The score of Show Boat was restored a few decades ago to that which was presented on Broadway in 1927, with the songs that had been cut since then restored to their rightful place.  But not in this production.  Gone were numbers such as I Might Fall Back on You, In Dahomey, and I Would Like to Play a Lover’s Part.   Why?  No idea.  It’s not like the San Francisco production was of Wagnerian length – and, even if it was, why would that matter?

It gets even odder in the second half where not only are songs missing, but those that remain are sung by different characters and the narrative changed!  Dance the Night Away was sung by Kim on the Cotton Blossom in the 1928 version of the show (it was a replacement for a different song sung by the same character in the same scene in the 1927 original), but was sung by her mother, Magnolia, in the current production – and she sings it on Broadway in a completely new scene (pictured above).

One has to wonder why a respected opera company would tackle a classic piece of American theatre that has been around for nearly ninety years and think it new better than Kern, Hammerstein and Ziegfeld and begin to rewrite it.  Would they do the same with La Traviata?  I don’t think so.   And the changes didn’t stop there.  Dialogue was also altered for no apparent reason, as were lyrics.

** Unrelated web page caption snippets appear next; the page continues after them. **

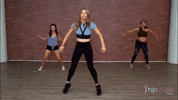 hipshakefitness disocroll GIF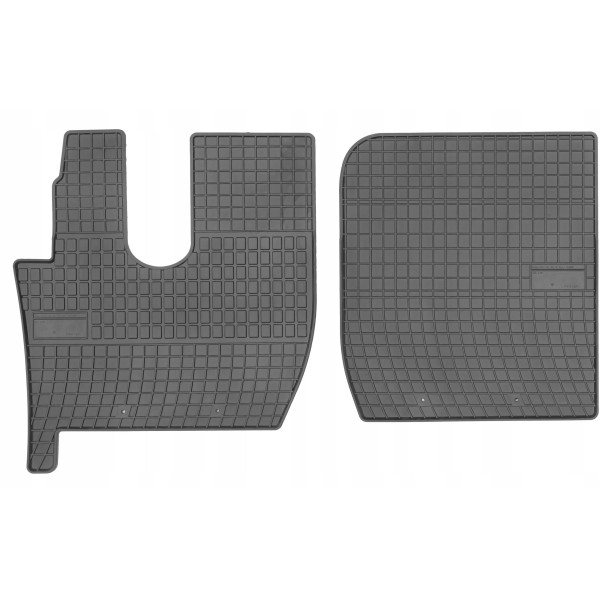 Rubber mats Ford F-MAX from 2018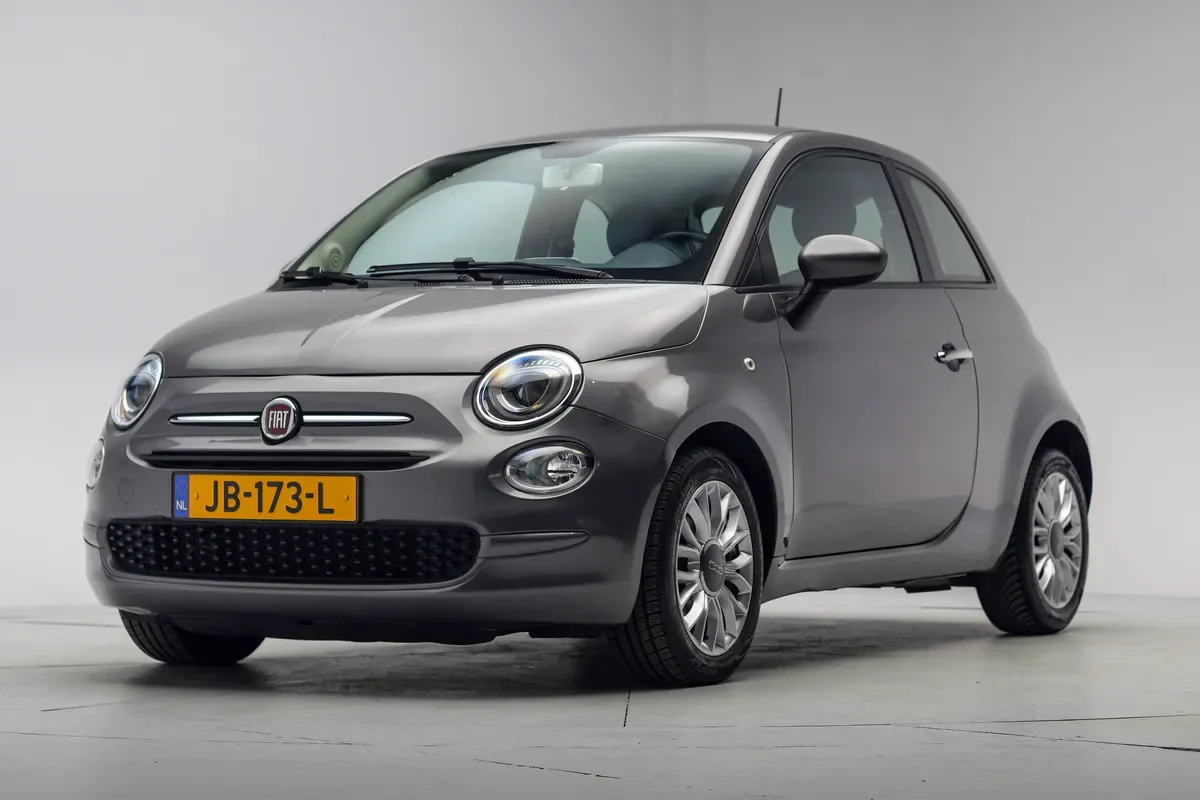Fiat 500 (2016) — foto 1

The opening chorus originally opened with the line “niggers all work on the Mississippi,” but here it was changed to “coloured folks work on the Mississippi.”  This is political correctness gone mad.  The show is partly about racism for God’s sake – cutting out the racist language that the show is criticising is just completely insane.   It’s like making a film about homophobia and cutting out all the derogatory language that is part of that.   What’s even more mad is that the word “nigger” was retained during the dialogue – so why edit it out of the opening chorus?  The whole point of that opening line of the show is that it is hard-hitting – it told Broadway audiences in 1927 that this was no ordinary, light-hearted show.

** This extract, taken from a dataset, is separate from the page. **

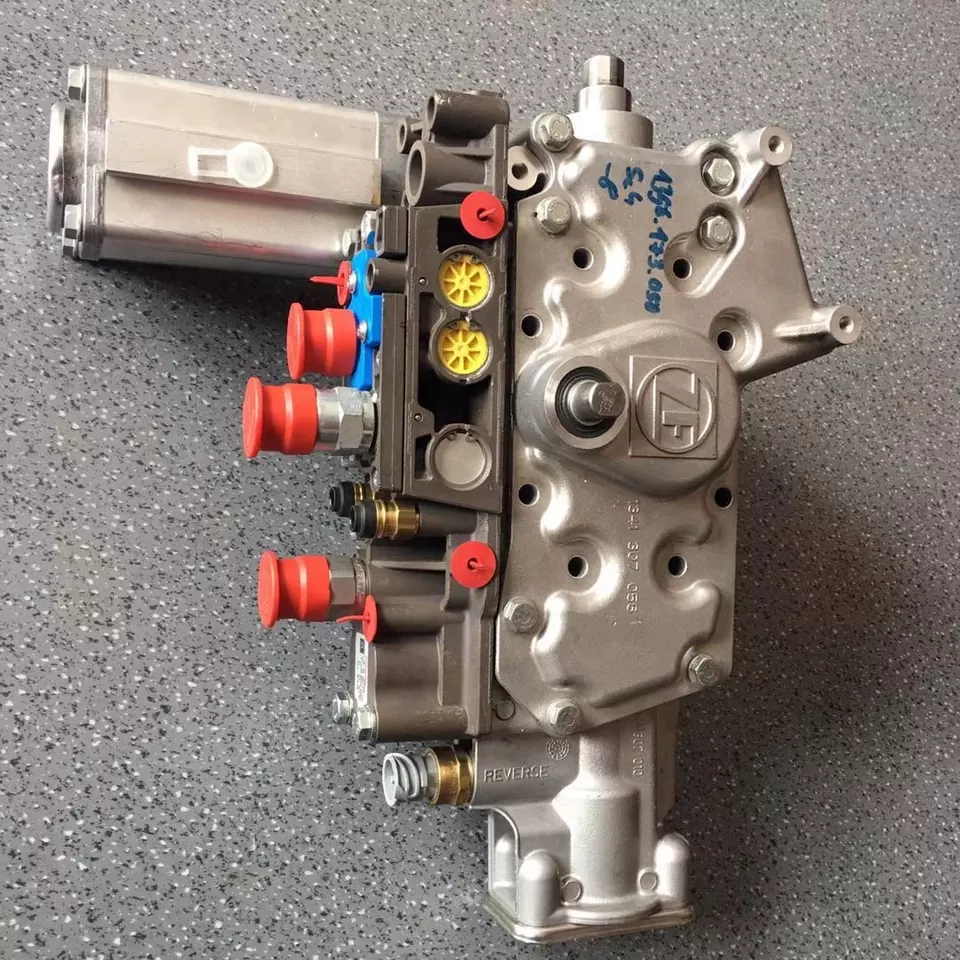 ZF 1341307056 Gear Shift Cover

But, all these changes aside, the whole thing completely fails as decent entertainment because it is performed by an opera company.  It’s like hearing Pavarotti sing Frank Sinatra.  It doesn’t work.  Yes, it’s fine for some characters – Magnolia and Ravenal can be sung with an opera voice and the show loses nothing.  But Julie ends up as a drunk in a bar singing torch songs – and sounds like Kiri te Kanawa when she should be sounding more like Billie Holiday.  It means the whole thing doesn’t make sense for the story and the characters become unbelievable.  Talking of unbelievable, Magnolia is meant to be 16 when the show starts, and yet is played by Heidi Stober who, according to my calculations, is nearer forty.   Yes, in opera we’re used to this kind of casting – but this isn’t opera, it’s theatre.  Sadly those behind the production failed to realise this.

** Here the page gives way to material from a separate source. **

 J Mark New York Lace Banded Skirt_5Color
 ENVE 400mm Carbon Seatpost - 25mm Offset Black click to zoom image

Messing with the order of songs, cutting numbers and changing the narrative would be fine for viewers who don’t know the show well as they wouldn’t realise what had changed or been excised. However, when you couple this with a production that fatally casts the wrong kind of singers it’s a step too far.  And all of this (complete with appalling over-acting at times) is magnified when you then watch it on a big screen in a cinema.    There were some very good episodes, most notably a powerful rendition of the miscegenation scene which still moves an audience ninety years after it was written, but for the most part this was a fatally flawed production of a show that doesn’t get revived nearly often enough to start with.